- _Exercise materials_

################

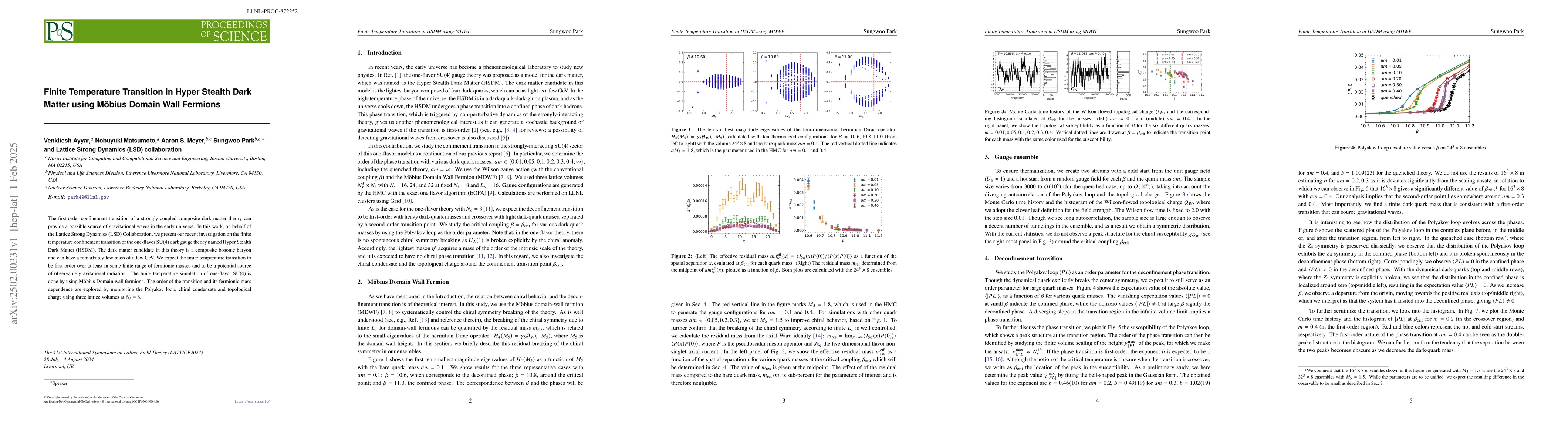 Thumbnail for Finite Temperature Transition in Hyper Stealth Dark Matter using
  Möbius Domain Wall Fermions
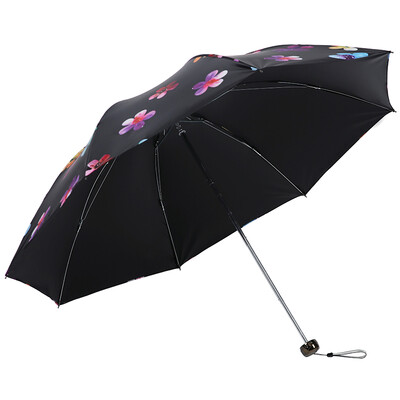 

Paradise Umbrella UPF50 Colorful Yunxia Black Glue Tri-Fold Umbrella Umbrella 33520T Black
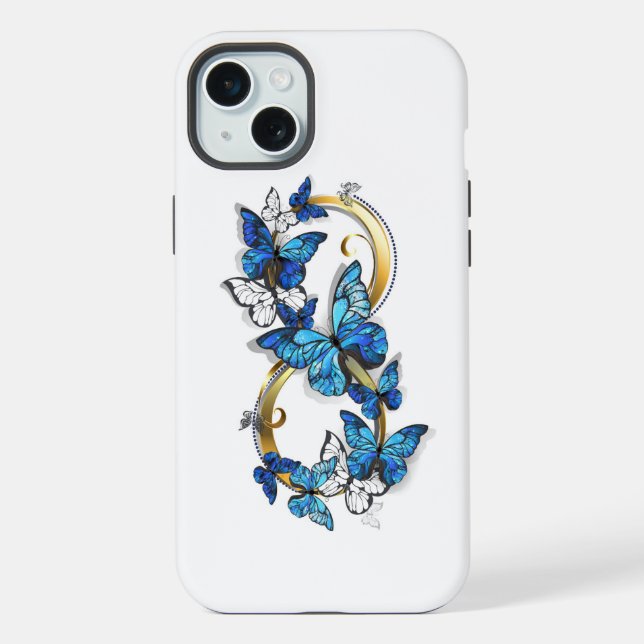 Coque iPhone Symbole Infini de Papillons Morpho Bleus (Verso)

################

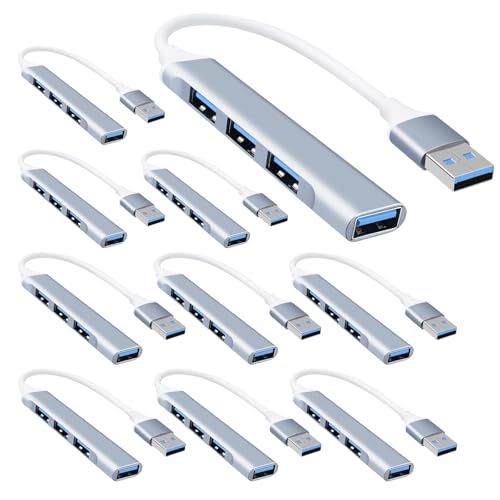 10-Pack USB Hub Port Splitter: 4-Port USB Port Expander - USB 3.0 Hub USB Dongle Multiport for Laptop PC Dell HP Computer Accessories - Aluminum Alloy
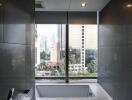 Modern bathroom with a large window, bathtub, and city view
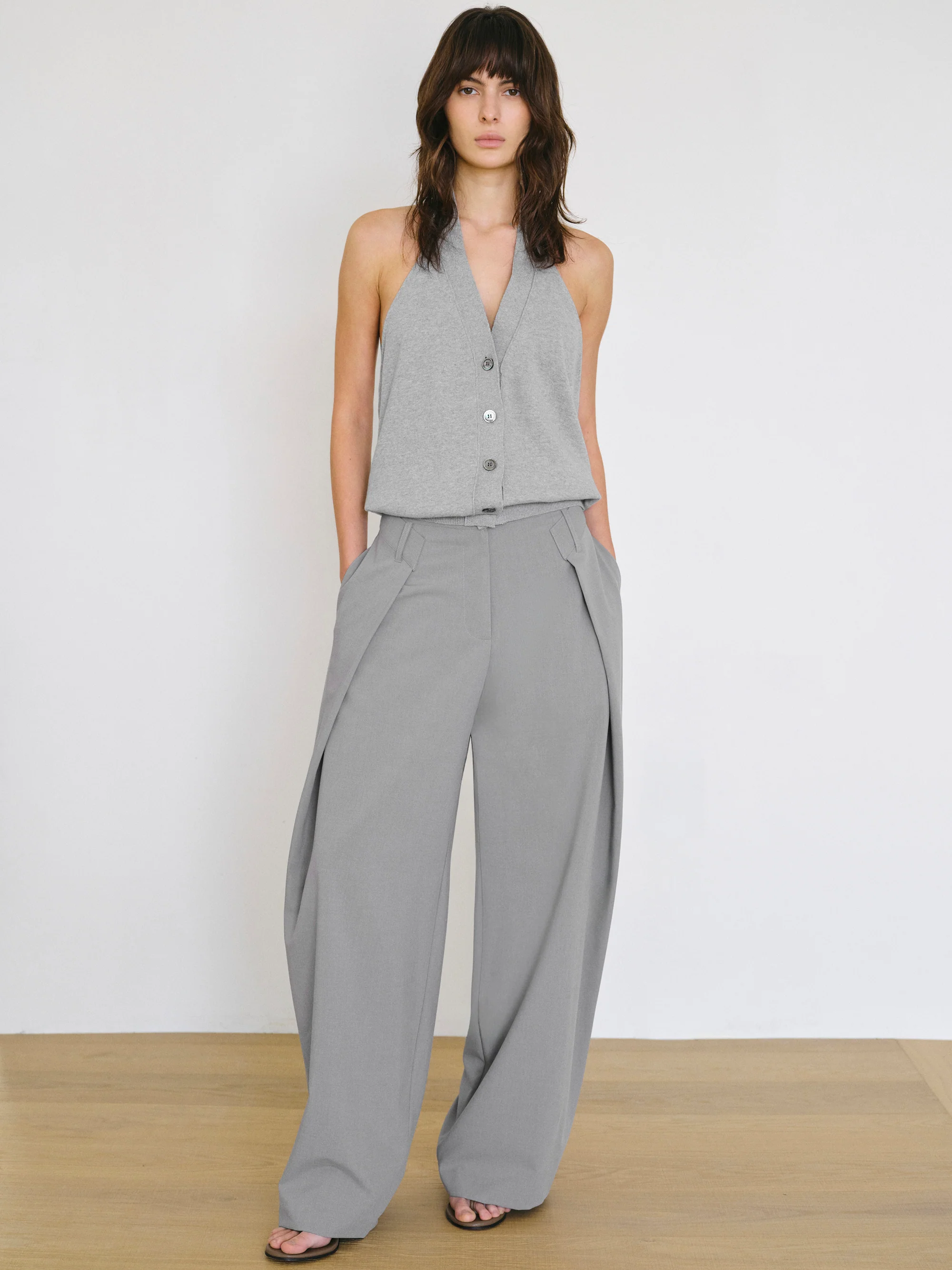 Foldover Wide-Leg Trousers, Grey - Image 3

################

- _What is needed_
Reproduce the listing above only between the lines holding "10-Pack USB Hub" and "Foldover Wide-Leg Trousers, Grey - Image 3", inclusive. Every line must match exactly, and pictures are dropped.

- _Solution to the exercise_
 10-Pack USB Hub Port Splitter: 4-Port USB Port Expander - USB 3.0 Hub USB Dongle Multiport for Laptop PC Dell HP Computer Accessories - Aluminum Alloy
 Modern bathroom with a large window, bathtub, and city view
 Foldover Wide-Leg Trousers, Grey - Image 3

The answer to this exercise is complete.